I’ve mentioned in previous posts that this part is not easy. Analytic Plans are new to me. Before starting I need to give credit where credit is due. David Deitrich has been a driving force behind our Data Science and Big Data Analytics curriculum, and a regular contributor to this series of articles.
There are four initial components of an Analytic Plan:
1. Framing of the Business Problem
In my case I am trying to accelerate innovation within my corporation (EMC). Three problems faced by the corporation are (a) the tracking of knowledge growth throughout our global employee base, (b) ensuring that this knowledge is effectively transferred within the corporation, and (c) that this knowledge is most effectively converted into corporate assets. Executing on these three elements more effectively should accelerate innovation, which is the lifeblood of our company.
2. Initial Hypothesis
In my last post I described eight different initial hypotheses theorizing how analytics can assist in solving the business problem. These eight hypotheses were boiled down to one high-level hypothesis statement:
An increase in geographic knowledge transfer improves the speed of idea delivery.

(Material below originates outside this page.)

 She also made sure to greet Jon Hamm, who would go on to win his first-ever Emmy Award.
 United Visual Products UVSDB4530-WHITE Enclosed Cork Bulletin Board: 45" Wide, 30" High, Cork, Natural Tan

This hypothesis paves the way for what data we will need and what type of analytic methods we will likely use.
The data that the project will rely on fall into two categories.
- The first category represents five years’ worth of idea submissions into EMC’s Innovation Showcase process. The Showcase process is a formal, organic innovation process whereby employee ideas from around the globe are submitted, vetted, judged, and incubated. The data is a mix of structured (idea counts, submission dates, inventor names) and unstructured (the ideas themselves) content.
- The second category encompasses minutes and notes representing innovation and research activity from around the world. This data is also a mix of structured and unstructured. The structured data, once again, includes items such as dates, names, and geographic location. The unstructured documents contain the “who, what, when, and where” information that represents rich data about knowledge growth and transfer within the company. This type of information, however, is often stored in business silos that have little to no visibility across disparate research teams.
The first repository (the idea submissions) is centralized. The second data set (centralized research and innovation minutes/notes) will be gathered from throughout the corporation and contain 6 months worth of global data.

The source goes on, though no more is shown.